People v Porter
2013 NY Slip Op 05965 [109 AD3d 737]
September 24, 2013
Appellate Division, First Department
Published by New York State Law Reporting Bureau pursuant to Judiciary Law § 431.
As corrected through Wednesday, October 30, 2013


The People of the State of New York, Respondent,
v
Melvin Porter, Appellant.

[*1] Robert S. Dean, Center for Appellate Litigation, New York (Cheryl Andrada of counsel), for appellant.

Cyrus R. Vance, Jr., District Attorney, New York (Alice Wiseman of counsel), for respondent.

Judgment, Supreme Court, New York County (Richard D. Carruthers, J., at suppression hearing; Cassandra M. Mullen, J., at jury trial and sentencing), rendered January 5, 2011, as amended January 13, 2011, convicting defendant of criminal possession of a controlled substance in the fourth degree, and sentencing him, as a second felony drug offender whose prior felony conviction was a violent felony, to a term of six years, unanimously affirmed.

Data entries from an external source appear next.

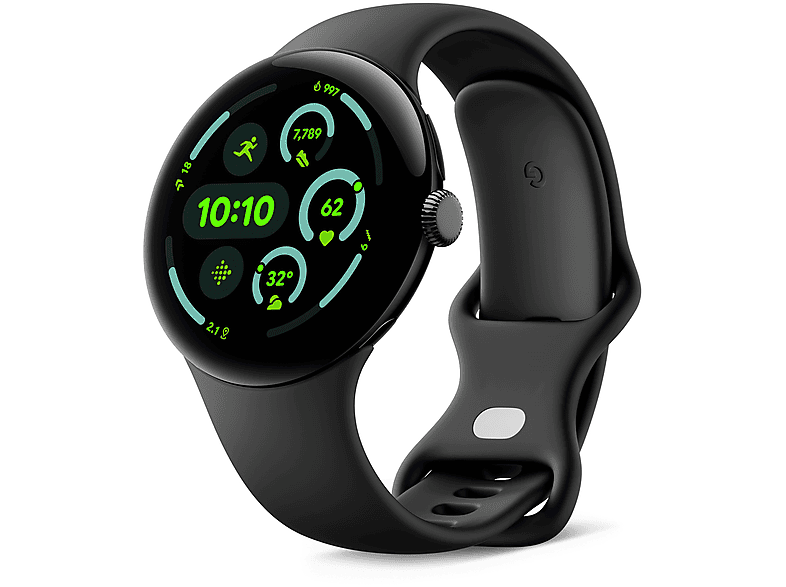 SMARTWATCH GOOGLE Pixel Watch 3 45mm Wifi, BLACK /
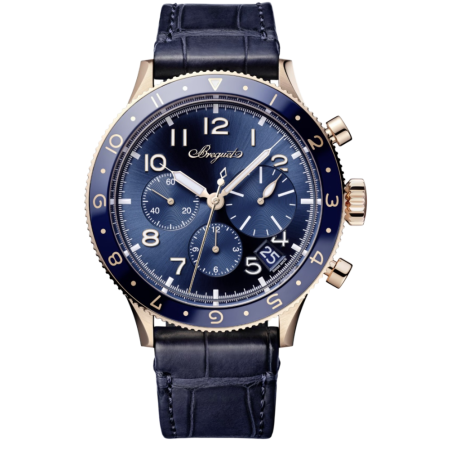 Часы Breguet Type XX Chronograph 2067 Rose Gold 2067RK/Y9/9WU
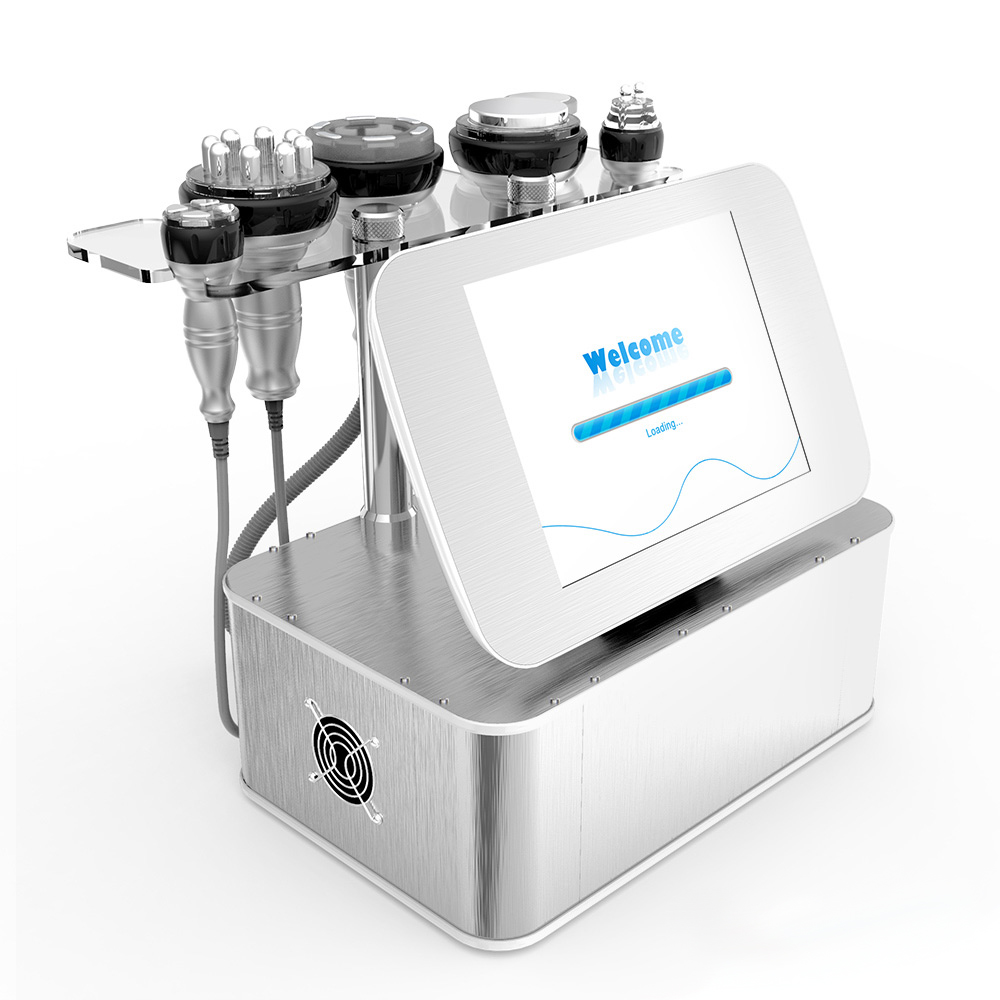 6 In 1 Cavitation Rf Machine 40K - 6 in 1 Ultraschall 40K Kavitation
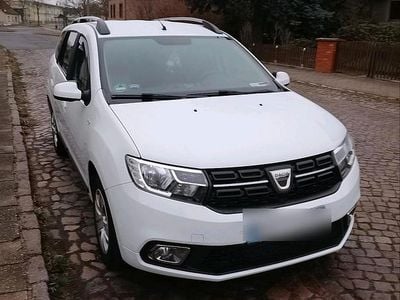 Weiß Gebraucht 2018 Dacia Logan MCV Comfort Kombi | 7.999 € (Etwas zu teuer)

The court properly denied defendant's suppression motion. The police executed a search warrant, the validity of which is not at issue, at the barbershop where defendant worked. The warrant authorized a search of the shop as well as the person of a described "John Doe" subject. When the police entered, they immediately observed that defendant generally matched the detailed description contained in the warrant, notwithstanding minor discrepancies. Based on all the circumstances, the police reasonably believed that defendant was the target of the warrant (see Hill v California, 401 US 797, 802 [1971]; People v Fernando, 184 AD2d 413, 414-415 [1st Dept 1992]). Defendant asserts that the reasonableness of the search was undermined by the presence at the shop of a codefendant who allegedly was the actual target of the warrant and who allegedly matched the description as well as, or better than, defendant did. However, the hearing record fails to support these claims.

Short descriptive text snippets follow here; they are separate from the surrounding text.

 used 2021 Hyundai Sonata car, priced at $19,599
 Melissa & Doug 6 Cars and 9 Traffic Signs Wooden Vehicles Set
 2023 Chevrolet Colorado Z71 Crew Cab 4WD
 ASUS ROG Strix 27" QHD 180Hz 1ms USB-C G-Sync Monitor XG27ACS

The verdict was not against the weight of the evidence (see People v Danielson, 9 NY3d 342, 348-349 [2007]). There is no basis for disturbing the jury's credibility determinations regarding the circumstances of defendant's possession of drugs. Furthermore, the chemist used a reliable sampling method to establish the weight of the drugs (see People v Hill, 85 NY2d 256, 261 [1995]; People v Argro, 37 NY2d 929 [1975]), and we have considered and rejected defendant's challenges to her testimony.

Defendant did not preserve his challenge to the court's supplemental instructions to the deliberating jury, and we decline to review it in the interest of justice. As an alternative holding, we also reject it on the merits. The court provided a correct and meaningful response to the jury's inquiry (see generally People v Almodovar, 62 NY2d 126, 131-132 [1984]), and there is no reasonable possibility that the instructions could have led the jury to convict defendant on an improper theory. We have considered and rejected [*2]defendant's related claim of ineffective assistance of counsel (see People v Benevento, 91 NY2d 708, 713-714 [1998]; Strickland v Washington, 466 US 668 [1984]).

We perceive no basis for reducing the sentence. Concur—Friedman, J.P., Freedman, Richter, Feinman and Gische, JJ.